Mas é o caso da imensa maioria de governantes sem escrúpulos, sem eira nem beira. Basta ver algum compêndio sobre a história privada desses protagonistas.
O fato é que as imagens que construíram estão distantes de suas identidades. Antes, breve explicação sobre os conceitos. Por identidade, que tem o adjetivo latino idem, o mesmo, seguido do sufixo dade, no sentido de atribuir uma qualidade. Identidade é, assim, o caráter, a verdade de uma pessoa, traduzida por sua história, valores e princípios, sua profissão e suas crenças.
Já a imagem é a projeção da identidade, o conceito que as pessoas gostariam de ser identificadas, observadas, analisadas. Costumo usar a metáfora do Sol. Ao meio-dia, os raios incidindo sobre a cabeça da pessoa projetam a imagem para os pés, sem extensões. À medida que o Sol vai se pondo no horizonte, seus raios deixam uma sombra distante da pessoa em pé. Quanto mais distante da pessoa, a sombra torna-se esgarçada, sem muita clareza, a esconder certos traços das figuras.
Na política, vemos os programas eleitorais com mulheres e homens ditando frases com que costumam identificar seu posicionamento e a bandeira que irão desfraldar no mandato. Um amontoado de tergiversações.
Pois bem, os eleitores percebem quando há uma “forçada de barra”, como se diz no vulgo. Sentem o artificialismo das falas. Coisa que não vem do coração. São expulsas da boca, quase vomitadas.
Um vexame.
Fixemos, agora, o olhar sobre Lula e Bolsonaro. São autênticos? Não. São um saco de promessas. Pois bem, a identidade que Bolsonaro quis passar na campanha de 2018 era a de ser o paradigma da anticorrupção. Cumpriu? Pelo vasto noticiário a respeito, conclui-se que não chegou a imperar nessa área.
Quanto a Luiz Inácio, se fez a mesma promessa, a imagem foi corroída pelo mensalão e pela Lava Jato. As imagens dos dois são obtusas.

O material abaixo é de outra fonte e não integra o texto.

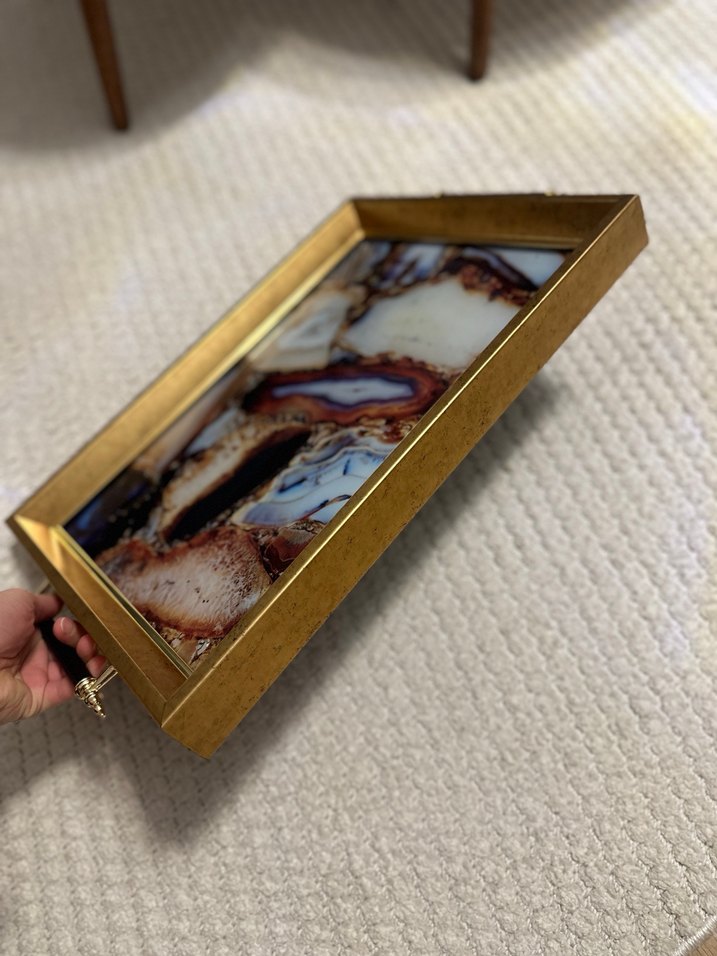 Gold Çerçeveli Dekoratif Tepsi - Görsel 3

Fiquemos numa seara mais sensível às massas. A rede de assistência social. Lula alinhou o Bolsa Família, criação dos tempos tucanos do prefeito de Campinas, Magalhães Teixeira (1937-1996). No Nordeste, Lula virou o pai do Bolsa Família, implementado em seus governos. Hoje, o programa Auxílio Brasil, do governo Bolsonaro, que promete esticar para R$ 800 em 2023, continua sendo confundido com o programa assistencialista de Lula. Até parece que inventaram uma nova moeda: O BolsoLula. Ambos usam três dos cinco preceitos de Mazzarino: simula, dissimula, não confies em ninguém. Os outros dois, eles não seguem: falar bem de todo mundo e refletir antes de agir.
Dois jogadores que gostam de driblar.